Em quatro dos cinco grandes grupamentos de atividades econômicas foram registrados saldos positivos em abril, com destaque para o setor de serviços, que gerou 117.007 postos, distribuídos principalmente nas atividades de informação, comunicação e atividades financeiras, imobiliárias, profissionais e administrativas.

O comércio gerou 29.261 novos postos, enquanto a indústria teve saldo de 26.378 postos concentrados principalmente na indústria de transformação (saldo de 22.520 postos). O setor de construção apresentou saldo de 25.341 postos.

No setor da agricultura, pecuária, produção florestal, pesca e agricultura diminuiu o número de empregos formais, com o total de desligamentos (96.842) ficando maior do que o de admissões (95.820). O saldo ficou negativo, com 1.021 empregos a menos.

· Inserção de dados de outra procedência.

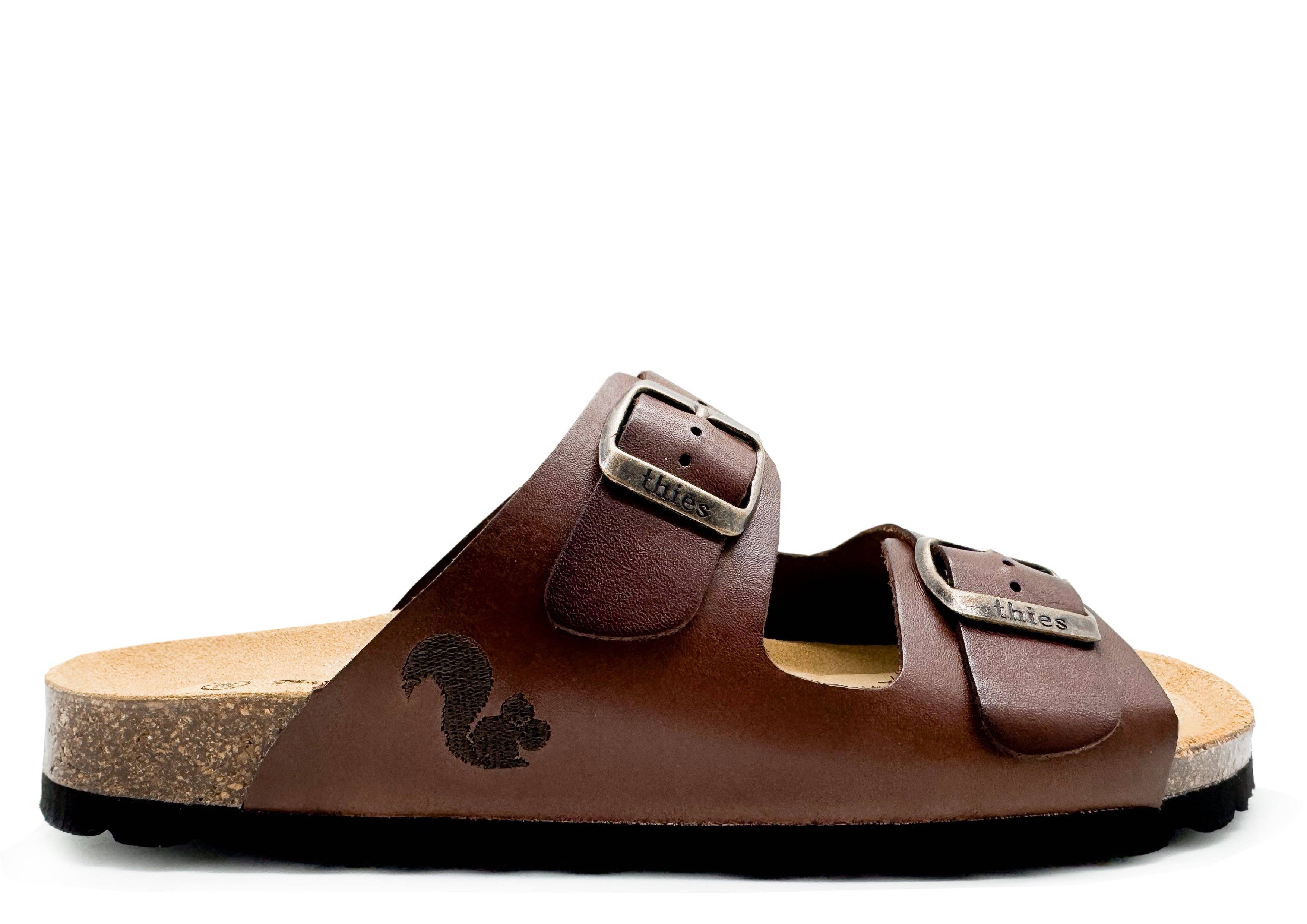 Thies 1856 ® Eco-Ledersandale dunkelbraun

Todas as cinco regiões brasileiras tiveram saldo positivo, com uma variação entre 0,32% (Região Sul, com 25.102 novos postos) e 0,72% (Região Centro-Oeste, com 25.598 novos postos). Na Região Sudeste foram criados 101.279postos (alta de 0,48%, na comparação com o mês anterior); no Nordeste foram 29.813 novos postos (0,45%); e na Região Norte foram 12.023 novos postos (0,62%).

Entre as unidades federativas, São Paulo foi quem teve melhor saldo, com 53.818 novos postos (0,42% a mais, na comparação com março); seguido do Rio de Janeiro, com 22.403 postos (0,69%); e de Minas Gerais, com 20.059 postos (0,46%).